Segment Start: Records shown

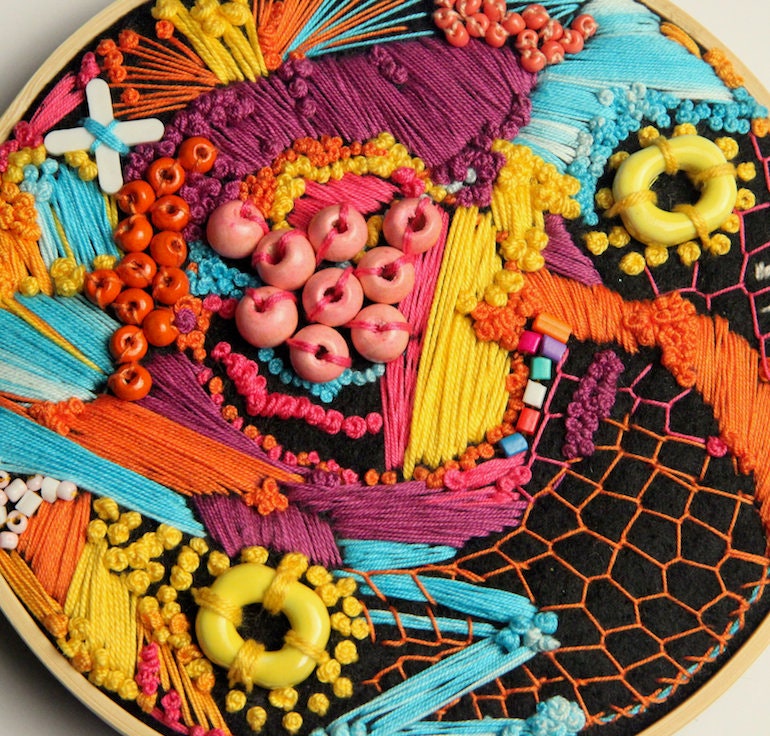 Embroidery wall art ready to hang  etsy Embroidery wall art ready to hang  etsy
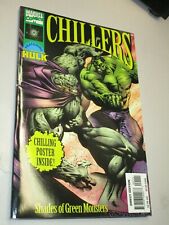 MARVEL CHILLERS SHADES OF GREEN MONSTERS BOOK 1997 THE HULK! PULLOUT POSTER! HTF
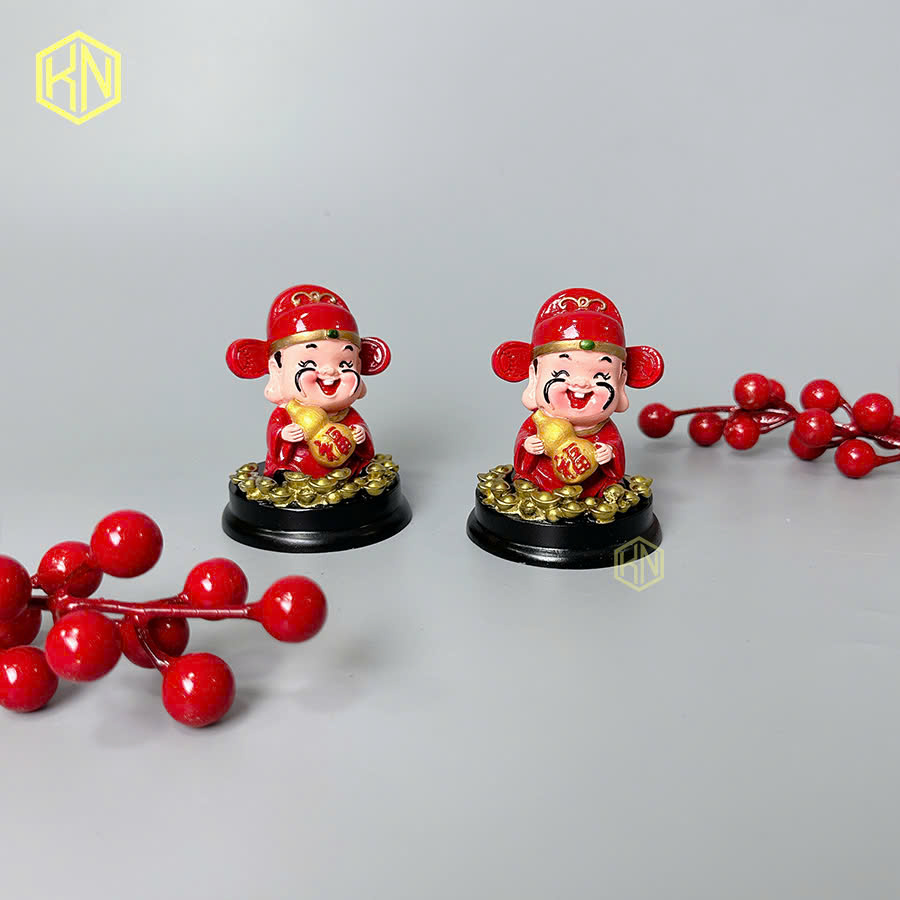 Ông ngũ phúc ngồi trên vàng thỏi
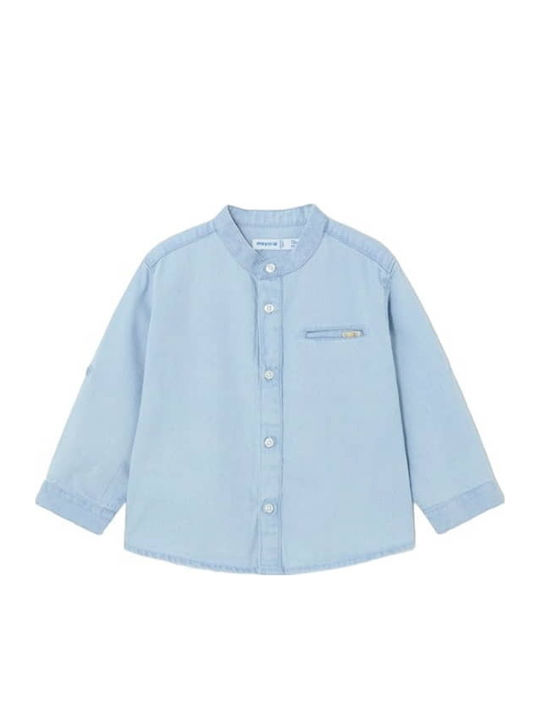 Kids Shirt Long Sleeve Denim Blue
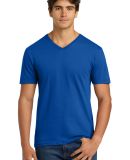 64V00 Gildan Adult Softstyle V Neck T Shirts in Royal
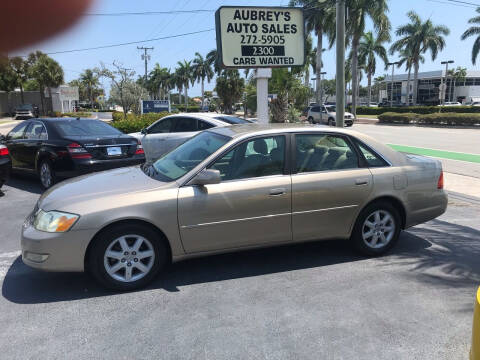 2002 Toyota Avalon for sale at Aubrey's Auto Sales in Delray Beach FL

Segment End: Records shown
Segment Start: Records shown

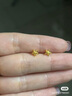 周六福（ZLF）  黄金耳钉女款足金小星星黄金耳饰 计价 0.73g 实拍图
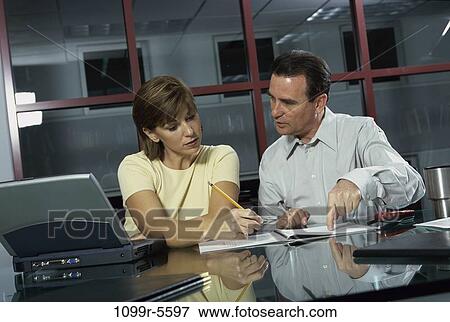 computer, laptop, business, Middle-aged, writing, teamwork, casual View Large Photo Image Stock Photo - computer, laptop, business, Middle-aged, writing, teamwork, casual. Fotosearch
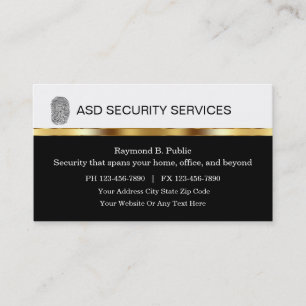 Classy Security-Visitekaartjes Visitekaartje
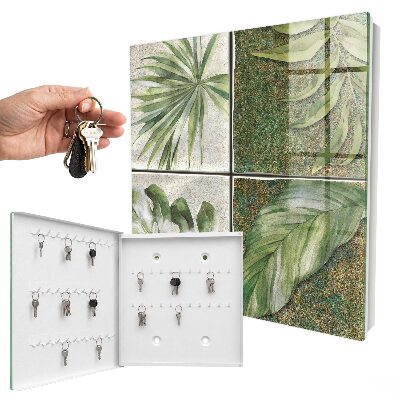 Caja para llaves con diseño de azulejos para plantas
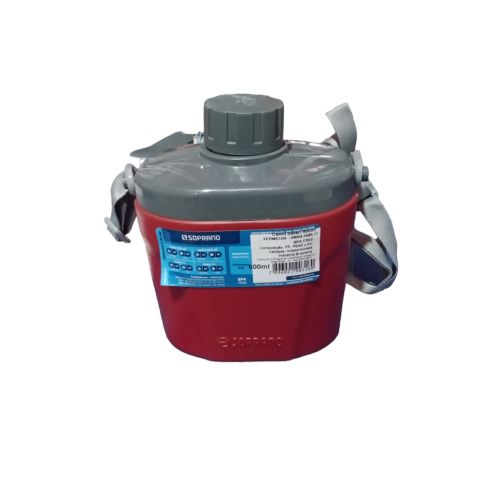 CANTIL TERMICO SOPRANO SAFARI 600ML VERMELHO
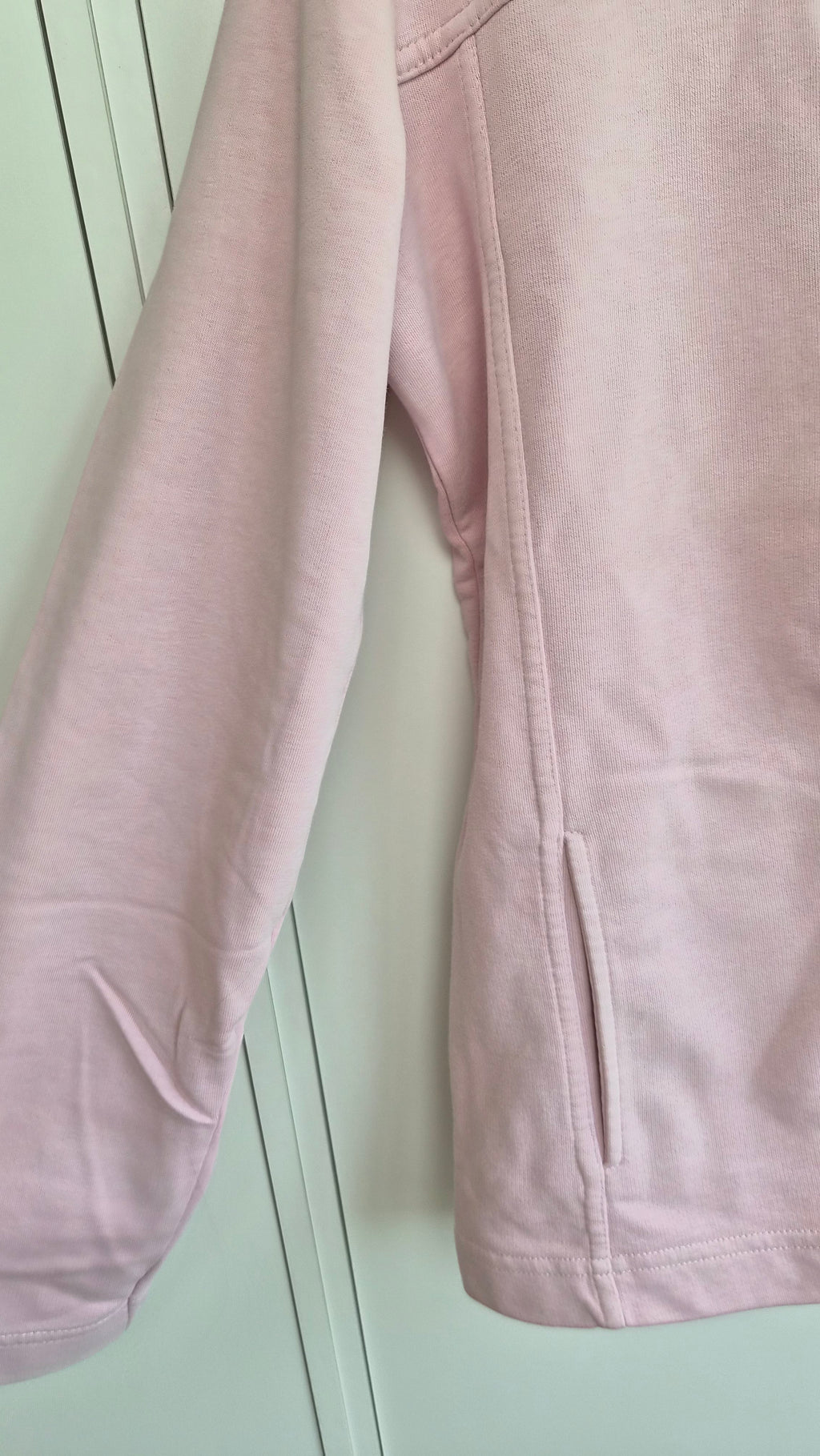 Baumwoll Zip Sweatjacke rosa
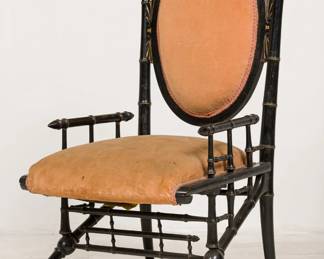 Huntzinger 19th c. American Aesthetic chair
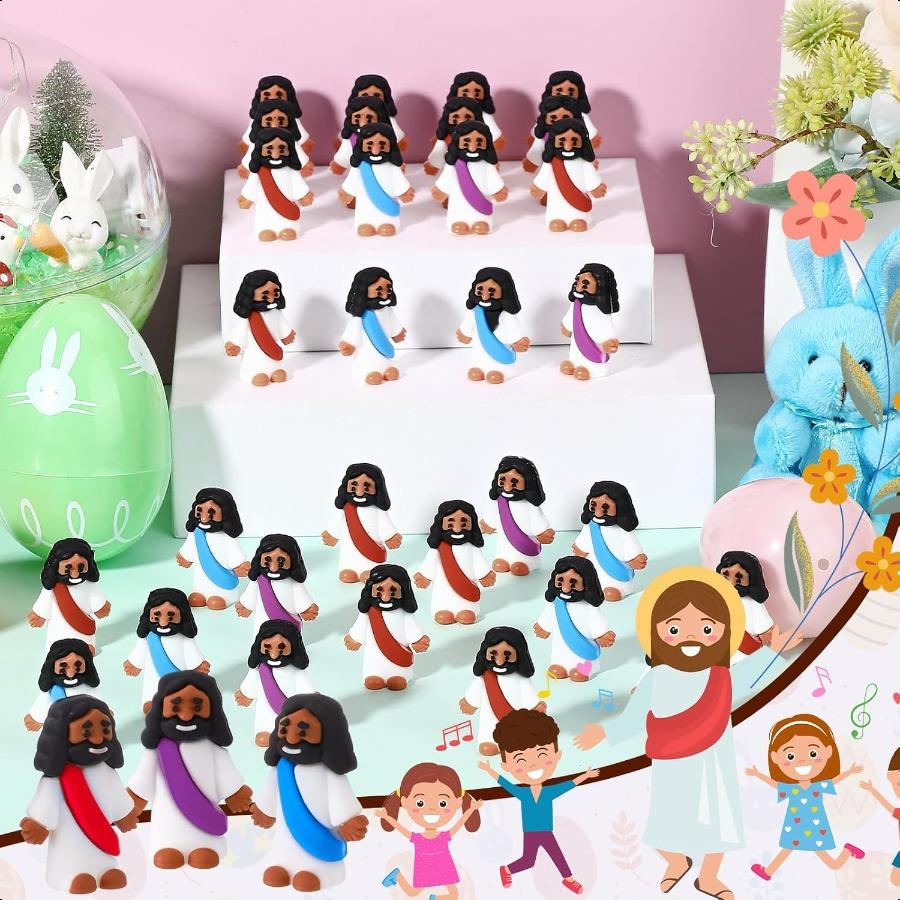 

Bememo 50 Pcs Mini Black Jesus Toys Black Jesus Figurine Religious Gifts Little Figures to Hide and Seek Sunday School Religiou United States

Segment End: Records shown

Work instruction: Reproduce the data above exactly, but only the lines from the one showing "etsy Embroidery wall" through the one showing "Kids Shirt Long Sleeve Denim Blue", with both ends kept and the pictures left out.

Written answer:
 Embroidery wall art ready to hang  etsy Embroidery wall art ready to hang  etsy
 MARVEL CHILLERS SHADES OF GREEN MONSTERS BOOK 1997 THE HULK! PULLOUT POSTER! HTF
 Ông ngũ phúc ngồi trên vàng thỏi
 Kids Shirt Long Sleeve Denim Blue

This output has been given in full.